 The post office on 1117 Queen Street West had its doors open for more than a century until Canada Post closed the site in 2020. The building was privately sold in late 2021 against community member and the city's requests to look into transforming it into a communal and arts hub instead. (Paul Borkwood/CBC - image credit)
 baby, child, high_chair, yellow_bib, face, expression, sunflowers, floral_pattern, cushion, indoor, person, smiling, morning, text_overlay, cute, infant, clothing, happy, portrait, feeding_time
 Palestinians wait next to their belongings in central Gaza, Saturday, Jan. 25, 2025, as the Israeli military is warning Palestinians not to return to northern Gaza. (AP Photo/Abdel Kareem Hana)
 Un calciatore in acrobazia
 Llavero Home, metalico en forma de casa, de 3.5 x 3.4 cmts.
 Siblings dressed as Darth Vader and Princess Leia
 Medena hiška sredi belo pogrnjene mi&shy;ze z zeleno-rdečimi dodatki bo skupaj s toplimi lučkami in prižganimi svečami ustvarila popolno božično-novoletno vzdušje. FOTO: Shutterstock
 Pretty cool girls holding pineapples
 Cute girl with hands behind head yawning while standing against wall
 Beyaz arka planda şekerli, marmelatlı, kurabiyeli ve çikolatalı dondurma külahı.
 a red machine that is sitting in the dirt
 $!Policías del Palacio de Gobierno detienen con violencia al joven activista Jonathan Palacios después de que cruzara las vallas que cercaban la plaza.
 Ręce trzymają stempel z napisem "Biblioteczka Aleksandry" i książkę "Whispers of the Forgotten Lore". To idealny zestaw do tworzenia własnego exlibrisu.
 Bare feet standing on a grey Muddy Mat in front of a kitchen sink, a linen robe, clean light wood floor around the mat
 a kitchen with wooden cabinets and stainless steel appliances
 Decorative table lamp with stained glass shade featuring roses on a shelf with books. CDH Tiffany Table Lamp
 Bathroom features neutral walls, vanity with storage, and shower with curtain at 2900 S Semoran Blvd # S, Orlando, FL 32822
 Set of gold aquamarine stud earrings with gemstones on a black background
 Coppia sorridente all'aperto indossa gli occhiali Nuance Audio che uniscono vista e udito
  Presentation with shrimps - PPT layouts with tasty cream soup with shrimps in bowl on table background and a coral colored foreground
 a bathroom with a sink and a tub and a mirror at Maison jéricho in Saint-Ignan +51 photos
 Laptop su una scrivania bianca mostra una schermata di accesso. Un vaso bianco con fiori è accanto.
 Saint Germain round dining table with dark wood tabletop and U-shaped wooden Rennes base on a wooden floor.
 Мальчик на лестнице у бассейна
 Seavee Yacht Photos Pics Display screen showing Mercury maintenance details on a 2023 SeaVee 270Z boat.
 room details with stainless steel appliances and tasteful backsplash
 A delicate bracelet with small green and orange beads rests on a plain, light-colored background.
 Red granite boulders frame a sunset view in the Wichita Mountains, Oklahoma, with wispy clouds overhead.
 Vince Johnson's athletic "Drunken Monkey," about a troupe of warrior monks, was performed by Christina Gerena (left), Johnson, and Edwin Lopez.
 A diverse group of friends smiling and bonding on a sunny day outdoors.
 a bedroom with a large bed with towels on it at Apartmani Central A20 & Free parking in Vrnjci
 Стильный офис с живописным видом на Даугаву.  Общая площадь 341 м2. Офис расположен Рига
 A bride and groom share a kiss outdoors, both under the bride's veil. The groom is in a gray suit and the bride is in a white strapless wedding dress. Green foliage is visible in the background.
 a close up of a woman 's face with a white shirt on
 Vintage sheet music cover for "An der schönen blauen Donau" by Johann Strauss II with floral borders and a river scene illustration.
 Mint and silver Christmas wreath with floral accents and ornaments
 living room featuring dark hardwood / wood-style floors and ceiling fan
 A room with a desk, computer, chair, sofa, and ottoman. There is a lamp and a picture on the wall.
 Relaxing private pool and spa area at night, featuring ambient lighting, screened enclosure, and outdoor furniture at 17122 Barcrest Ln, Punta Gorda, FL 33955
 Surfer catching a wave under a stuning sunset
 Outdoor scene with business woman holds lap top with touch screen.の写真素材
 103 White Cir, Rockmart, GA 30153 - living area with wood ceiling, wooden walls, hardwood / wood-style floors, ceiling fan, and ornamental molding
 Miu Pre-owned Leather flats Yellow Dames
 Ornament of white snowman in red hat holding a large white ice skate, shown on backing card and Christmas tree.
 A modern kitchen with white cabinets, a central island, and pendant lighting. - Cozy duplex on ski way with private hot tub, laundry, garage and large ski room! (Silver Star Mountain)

○ ○ ○

Exercise description
For every line in the data above that holds "against", return the line itself.

Task output
 The post office on 1117 Queen Street West had its doors open for more than a century until Canada Post closed the site in 2020. The building was privately sold in late 2021 against community member and the city's requests to look into transforming it into a communal and arts hub instead. (Paul Borkwood/CBC - image credit)
 Cute girl with hands behind head yawning while standing against wall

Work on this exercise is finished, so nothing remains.